An epiretinal membrane (ERM) is a fine piece of "scar tissue" that grows on the surface of the retina that may contract and cause retinal wrinkling. It may also be referred to as macular pucker, surface wrinkling retinopathy, and cellophane maculopathy due to its appearance. The membrane itself is a thin sheet of transparent or translucent tissue thought to be derived from cells originally under the retina that migrate onto the retinal surface and settle in the central macular region. Proliferation with subsequent contraction of the tissue results in various degrees of retinal distortion. In most cases, the vitreous gel has partially or completely detached which may allow for such cellular migration.
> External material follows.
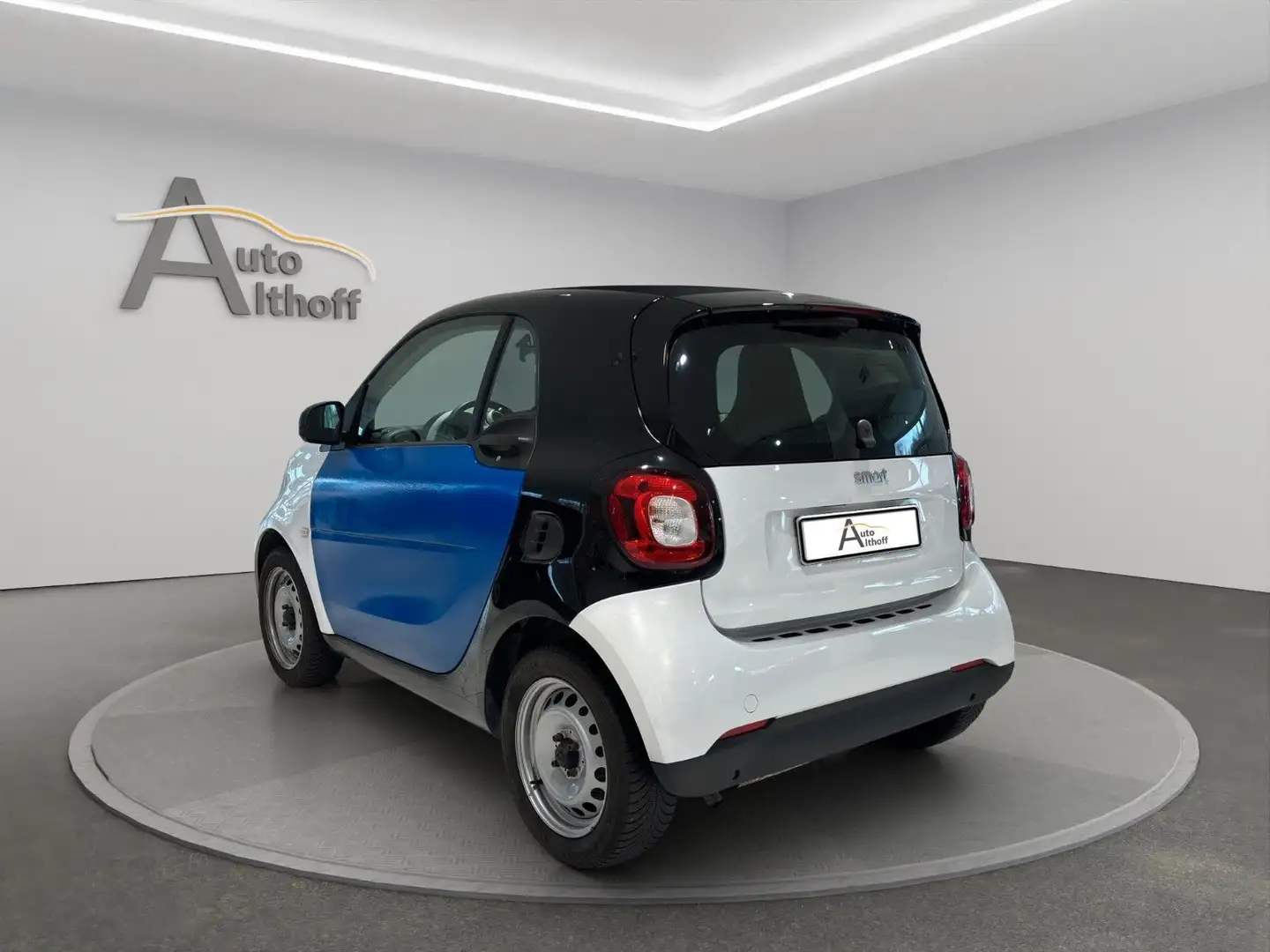 smart forTwo 62.000 KM BT FREISPRECH KLIMA TEMPOMAT Schwarz - 2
This condition is most often idiopathic (cause unknown) or associated with other conditions such as retinal tears or detachments, diabetes mellitus, retinal vein occlusions, and chronic post-operative cystoid macular edema.

Clinical Features

There is a wide spectrum of severity and, hence, clinical findings. Mild disease shows an abnormal sheen to the retinal surface of the macula without retinal distortion or symptoms. If this progresses, mild retinal striae formation are often accompanied by subtle visual acuity change or metamorphopsia. The most severe disease shows frank distortion of macular anatomy with more severe visual acuity change or metamorphopsia than surface wrinkling retinopathy. The ERM is usually easily visible on the retinal surface as a gray, sometimes dense fibrous-like tissue which can often obscure underlying retinal details.

Other clinical findings include straightening or zigzagging of retinal vessels in the macula, a central defect in the membrane or pseudo-macular hole, retinal thickening/edema with leakage evident on fluorescein angiography, and a posterior vitreous detachment.

The clinical course is variable and unpredictable. The condition may remain stable if the membrane has fully contracted or may progress if full contraction has yet to occur. Most patients remain at 20/70 or better, and less than 5% progress to 20/200 or worse. Very rarely, vision may improve if the membrane spontaneously separates.

OCT of a patient with severe epiretinal membrane with significant retinal distortion. This patient eventually underwent a vitrectomy with removal of the membrane
OCT of the same patient three months after vitrectomy surgery. Note the significant reduction in retinal thickness.

Management

With idiopathic epiretinal membranes, early stages are generally observed for progression. Generally, serial fundus photography and/or OCT imaging are used in conjunction with clinical exams to monitor the progression of the disease. Vitrectomy with peeling of the membrane is the only treatment option for patients who develop significant visual symptoms. Current drops, injections, and medications do not treat the disease. The decision to proceed with surgery depends primarily on patient complaints, although surgery is usually reserved for patients with vision worse than 20/40.

Fundus photographs of a second patient before [top] and three months after [bottom] vitrectomy surgery for epiretinal membrane. Note the tortuosity of the blood vessels before surgery and the straightening of the blood vessels after the membrane is removed.

It is generally felt that patients can expect to double their Snellen visual acuity or regain half of the vision that they had lost after surgical removal of the membrane. The length of postoperative recovery is variable. Patients generally have some wrinkling of the retina for months to years before surgery and the retina may take a few months to settle back down into a more normal position. Some patients have improved, but still abnormal anatomy. A small percentage will develop recurrent membrane, some even requiring additional surgery.